- Nickname: Kame
- Born: 28 December 1988 (age 37) Sendai, Japan
- Height: 1.70 m (5 ft 7 in)

Gymnastics career
- Discipline: Men's artistic gymnastics
- Country represented: Japan (2010–2021)
- Club: Tokushukai Gymnastics Club
- Head coach: Isao Yoneda
- Medal record
Representing Japan
World Championships
| Gold medal – first place | 2013 Antwerp | Pommel horse |
| Silver medal – second place | 2014 Nanning | Team |

= Kōhei Kameyama =

Japanese artistic gymnast

Kohei Kameyama (亀山 耕平, Kameyama Kōhei) is a Japanese former artistic gymnast. He is 2013 World champion on the pommel horse, and he won a silver medal in the team event at the 2014 World Championships. He represented Japan at the 2020 Summer Olympics and finished fifth on the pommel horse.

== Gymnastics career ==
Kameyama began gymnastics when he was six years old, as his mother was a former gymnast.

Kameyama won the pommel horse gold medal at the 2013 World Championships with a score of 15.833. He was selected to compete with the Japanese team at the 2014 World Championships, and they won the silver medal behind China. He won the pommel horse title at the 2014 Toyota International despite a fall because of his 7.0 difficulty score.

Kameyama announced his retirement after not being selected to compete at the 2016 Summer Olympics. However, his coach encouraged him to stay in the sport and aim for the 2020 Summer Olympics.

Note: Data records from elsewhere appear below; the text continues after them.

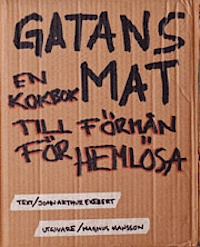 Gatans mat : en kokbok till förmån för hemlösa; John Arthur Ekebert; 2013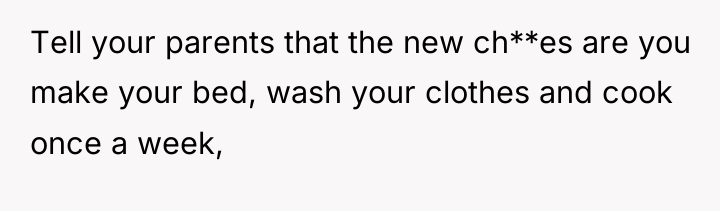 Tell your parents that the new ch**es are you make...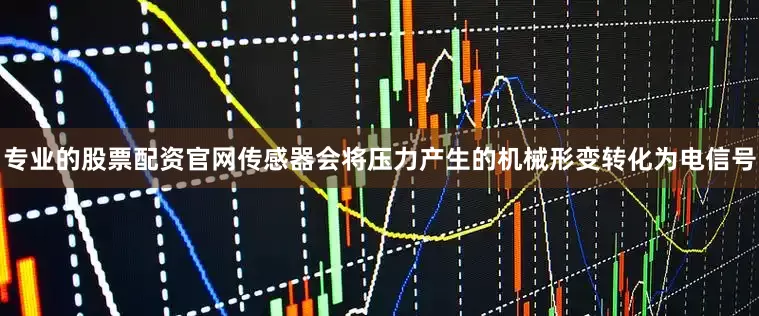 专业的股票配资官网传感器会将压力产生的机械形变转化为电信号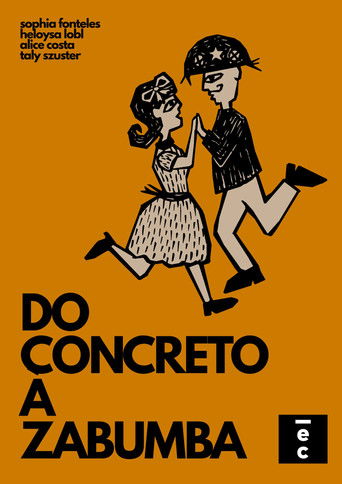 Poster for DO CONCRETO A ZABUMBA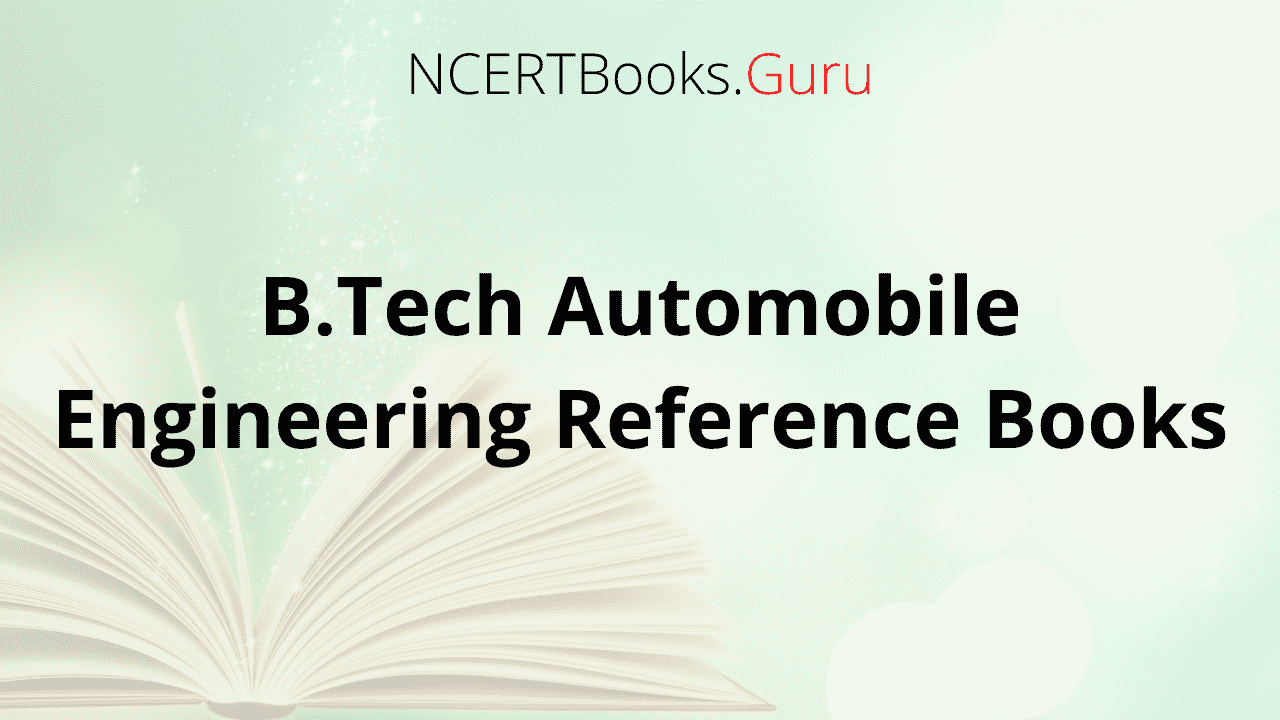 B.Tech Automobile Engineering Reference Books
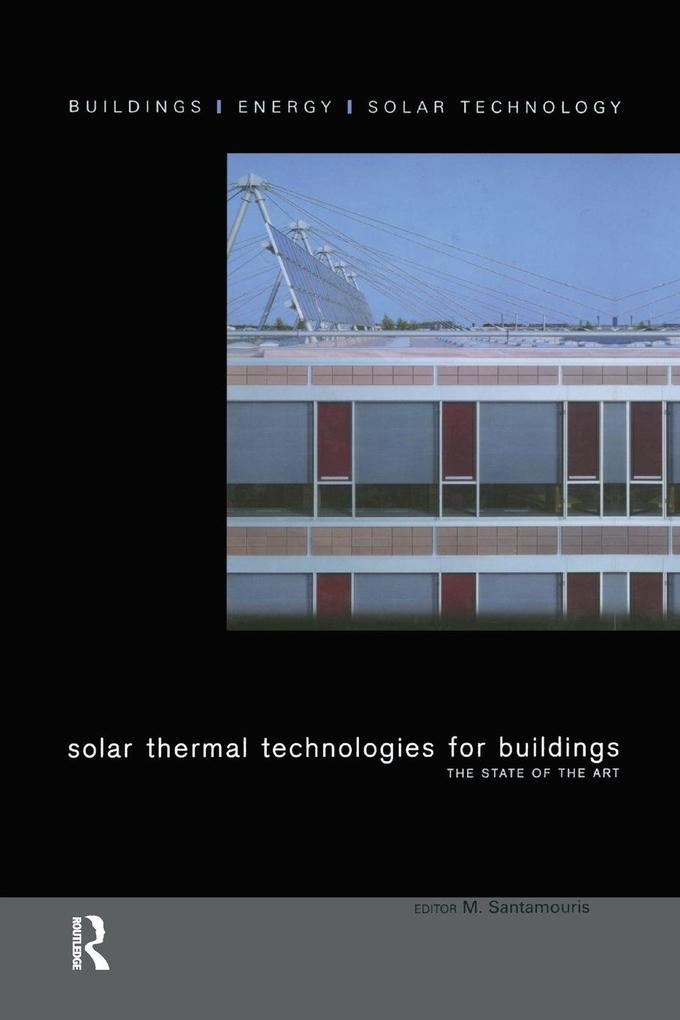 Solar Thermal Technologies for Buildings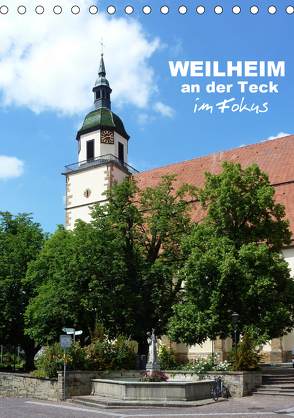 Weilheim an der Teck im Fokus (Tischkalender 2020 DIN A5 hoch) von Huschka,  Klaus-Peter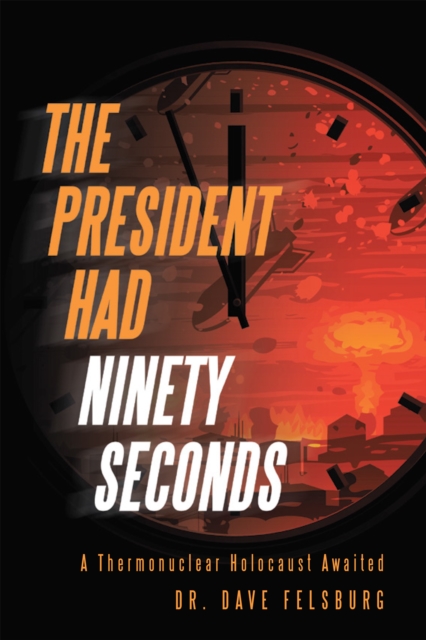 President Had Ninety Seconds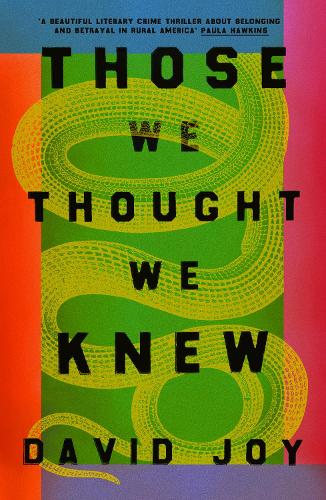 Бумажная книга «Those We Thought We Knew: The new literary crime thriller from a master of American noir fiction» - фото №1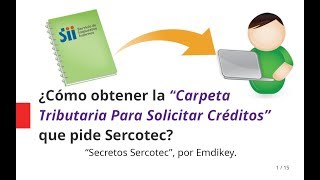 Carpeta Tributaria SII  cómo obtener la carpeta que Sercotec solicita [upl. by Lidah655]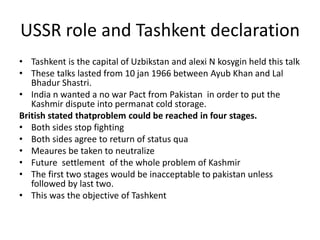 USSR role and Tashkent declaration
• Tashkent is the capital of Uzbikstan and alexi N kosygin held this talk
• These talks lasted from 10 jan 1966 between Ayub Khan and Lal
Bhadur Shastri.
• India n wanted a no war Pact from Pakistan in order to put the
Kashmir dispute into permanat cold storage.
British stated thatproblem could be reached in four stages.
• Both sides stop fighting
• Both sides agree to return of status qua
• Meaures be taken to neutralize
• Future settlement of the whole problem of Kashmir
• The first two stages would be inacceptable to pakistan unless
followed by last two.
• This was the objective of Tashkent
 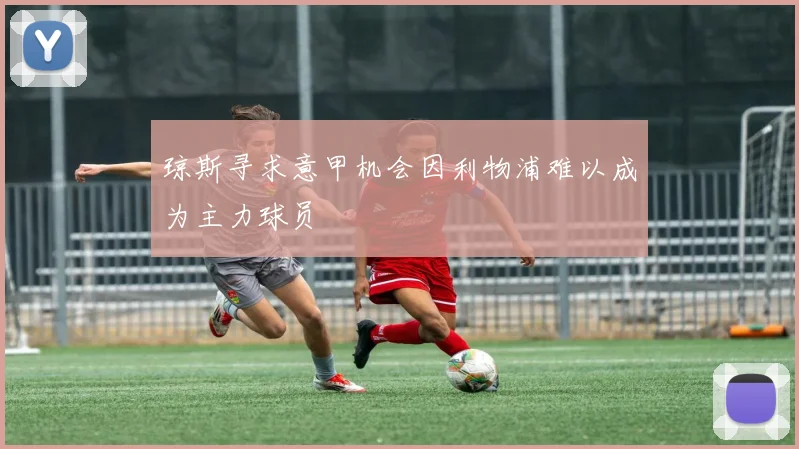 琼斯寻求意甲机会因利物浦难以成为主力球员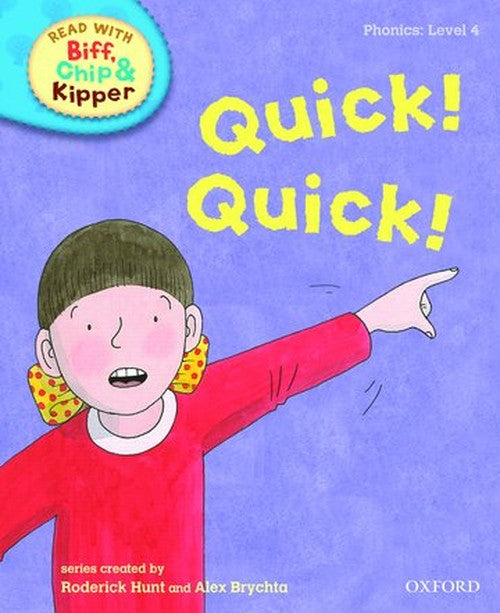 Oxford Reading Tree Read With Biff, Chip, and Kipper: Phonics: Level 4: Quick! Quick!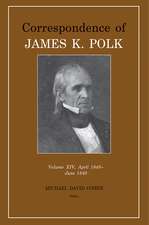 Correspondence of James K. Polk Vol 14, April 1848–June 1849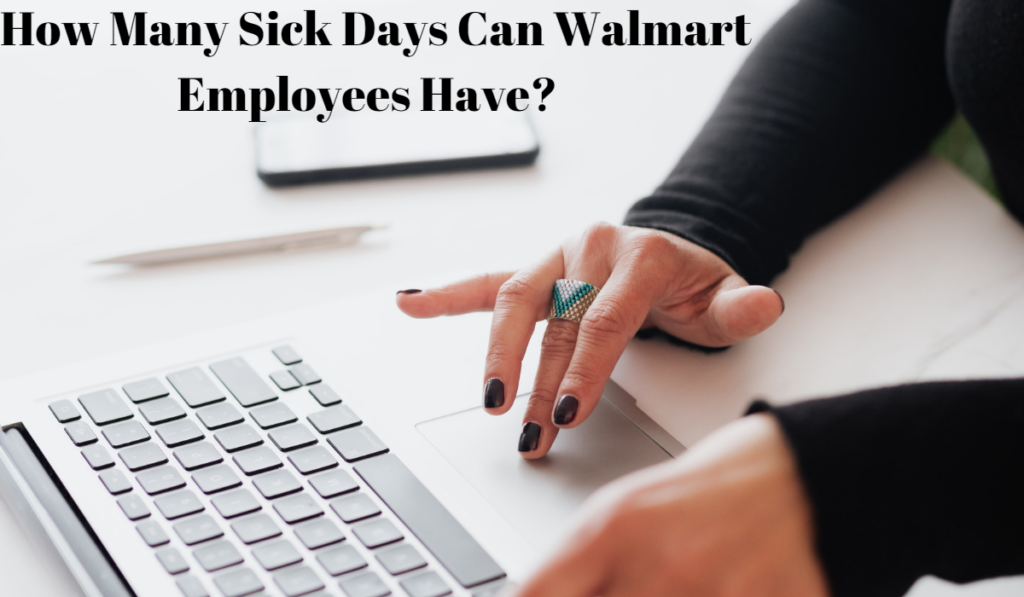 How Many Sick Days Can Walmart Employees Have? 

He said, “not being chosen for Rio destroyed me,” but he shared that after the experience, he focused on his mental health and staying motivated.

At the 2018 Koper World Challenge Cup, Kameyama won the pommel horse final. He also won the pommel horse event at the 2019 Baku World Cup. He then won the silver medal at the 2019 Doha World Cup after losing the execution-score tiebreaker to Lee Chih-kai.

Kameyama made his Olympic debut at the age of 32 when he participated in the 2020 Summer Olympics in Tokyo as one of the two apparatus individuals allocated to the Japanese team. He qualified for the pommel horse final tied in second place with Rhys McClenaghan. He ultimately placed fifth in the final.